= Quasar Thakore-Padamsee =

Indian actor and director (born 1978)

Quasar Thakore Padamsee (born 20 August 1978) is an Indian stage actor turned theatre director. Both his parents, Alyque Padamsee and Dolly Thakore, are renowned stage actors. His mother was a casting director for the Academy Award-winning film Gandhi in 1982. His father played the role of Jinnah in the same movie.

He studied English literature at St. Xavier's College in Mumbai. Though he started his career following his father, as an adman, he soon switched full-time theatre by starting Mumbai based theatre company called QTP, with partners Arghya Lahiri, Christopher Samuel, Nadir Khan, Toral Shah and Vivek Rao.

He played cricket for Singapore U-19 team that won the inaugural Tuanku Jaafar Cup. He was an effective left arm medium pacer.

Since 1999, he has directed and produced over 20 plays with theatre company, QTP. He also works as a stage manager and lighting designer for the theatre productions.

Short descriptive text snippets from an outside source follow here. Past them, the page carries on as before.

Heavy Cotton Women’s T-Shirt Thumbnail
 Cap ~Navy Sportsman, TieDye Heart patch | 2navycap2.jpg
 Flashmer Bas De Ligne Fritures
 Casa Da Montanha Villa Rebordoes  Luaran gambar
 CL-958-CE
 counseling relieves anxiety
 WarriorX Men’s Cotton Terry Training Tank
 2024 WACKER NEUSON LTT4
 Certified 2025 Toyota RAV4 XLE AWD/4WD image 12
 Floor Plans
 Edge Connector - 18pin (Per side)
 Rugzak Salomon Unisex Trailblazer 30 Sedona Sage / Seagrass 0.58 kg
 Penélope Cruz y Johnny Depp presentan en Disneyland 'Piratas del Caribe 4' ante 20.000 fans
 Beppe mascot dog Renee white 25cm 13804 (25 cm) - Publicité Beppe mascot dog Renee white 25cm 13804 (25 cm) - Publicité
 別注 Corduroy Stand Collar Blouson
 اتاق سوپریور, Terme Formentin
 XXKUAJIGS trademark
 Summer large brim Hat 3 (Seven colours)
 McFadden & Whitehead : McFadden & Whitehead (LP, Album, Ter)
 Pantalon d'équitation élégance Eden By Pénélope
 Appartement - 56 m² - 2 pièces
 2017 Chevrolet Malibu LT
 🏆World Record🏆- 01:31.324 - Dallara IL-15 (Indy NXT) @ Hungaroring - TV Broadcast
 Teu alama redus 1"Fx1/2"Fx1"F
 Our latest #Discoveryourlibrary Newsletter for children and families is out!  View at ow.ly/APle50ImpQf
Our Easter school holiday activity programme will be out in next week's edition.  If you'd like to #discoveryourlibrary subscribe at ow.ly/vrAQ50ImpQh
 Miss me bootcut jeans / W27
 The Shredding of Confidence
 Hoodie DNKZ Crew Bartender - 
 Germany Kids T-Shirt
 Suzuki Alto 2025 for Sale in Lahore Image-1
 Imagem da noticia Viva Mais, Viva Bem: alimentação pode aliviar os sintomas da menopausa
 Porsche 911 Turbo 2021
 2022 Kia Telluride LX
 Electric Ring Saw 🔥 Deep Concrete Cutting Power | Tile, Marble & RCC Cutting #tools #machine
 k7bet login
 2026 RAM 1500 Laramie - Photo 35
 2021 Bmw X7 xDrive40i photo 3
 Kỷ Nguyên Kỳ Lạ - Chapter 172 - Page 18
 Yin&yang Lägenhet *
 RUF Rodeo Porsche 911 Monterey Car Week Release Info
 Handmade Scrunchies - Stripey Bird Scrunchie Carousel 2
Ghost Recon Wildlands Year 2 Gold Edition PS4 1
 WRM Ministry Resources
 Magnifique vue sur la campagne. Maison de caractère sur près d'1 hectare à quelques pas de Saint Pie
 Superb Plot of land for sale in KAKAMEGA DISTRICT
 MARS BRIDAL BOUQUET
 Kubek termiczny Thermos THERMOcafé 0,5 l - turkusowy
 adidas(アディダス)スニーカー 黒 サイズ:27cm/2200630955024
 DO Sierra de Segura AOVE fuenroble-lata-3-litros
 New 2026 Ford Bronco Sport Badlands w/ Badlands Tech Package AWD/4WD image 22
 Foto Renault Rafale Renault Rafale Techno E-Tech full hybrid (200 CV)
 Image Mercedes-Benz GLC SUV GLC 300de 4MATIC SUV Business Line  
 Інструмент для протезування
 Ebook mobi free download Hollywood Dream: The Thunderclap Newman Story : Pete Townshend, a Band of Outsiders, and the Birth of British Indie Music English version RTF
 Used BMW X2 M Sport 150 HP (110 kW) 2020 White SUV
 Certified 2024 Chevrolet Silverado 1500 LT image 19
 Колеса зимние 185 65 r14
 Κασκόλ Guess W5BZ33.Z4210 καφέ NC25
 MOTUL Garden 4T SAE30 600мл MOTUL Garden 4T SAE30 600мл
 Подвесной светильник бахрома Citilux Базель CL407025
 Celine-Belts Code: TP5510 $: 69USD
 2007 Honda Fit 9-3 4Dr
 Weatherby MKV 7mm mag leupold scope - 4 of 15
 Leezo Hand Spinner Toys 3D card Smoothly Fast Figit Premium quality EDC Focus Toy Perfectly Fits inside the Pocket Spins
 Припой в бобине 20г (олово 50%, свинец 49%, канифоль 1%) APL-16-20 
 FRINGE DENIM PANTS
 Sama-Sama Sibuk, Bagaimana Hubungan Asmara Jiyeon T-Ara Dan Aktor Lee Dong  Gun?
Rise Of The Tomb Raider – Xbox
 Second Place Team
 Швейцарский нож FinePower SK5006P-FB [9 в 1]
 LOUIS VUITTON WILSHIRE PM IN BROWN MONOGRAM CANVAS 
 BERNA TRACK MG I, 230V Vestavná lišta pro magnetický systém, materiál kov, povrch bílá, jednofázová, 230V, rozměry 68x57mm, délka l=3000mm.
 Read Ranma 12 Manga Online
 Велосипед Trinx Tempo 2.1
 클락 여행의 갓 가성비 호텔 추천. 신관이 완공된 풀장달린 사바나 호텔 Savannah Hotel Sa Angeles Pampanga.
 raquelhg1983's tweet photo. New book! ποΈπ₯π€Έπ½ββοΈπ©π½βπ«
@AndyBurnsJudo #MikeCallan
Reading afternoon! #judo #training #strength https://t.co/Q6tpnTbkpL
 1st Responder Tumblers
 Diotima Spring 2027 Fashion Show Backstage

He was also the Assistant Director of Tim Supple's A Midsummer Night's Dream.

Plays directed by Quasar Thakore Padamsee include
- The Night Thoreau Spent in Jail
- Minorities
- All My Sons
- The Urban Burden
- A View From The Stage
- Acid
- Kindertansport
- Acid
- Khatijabai of Karmali Terrace
- Project S.t.r.i.p.
- A Peasant of El Salvador
- Mother Courage and her Children
- Every Brilliant Thing
In 2013, he directed "So Many Socks" which was nominated for the META Awards.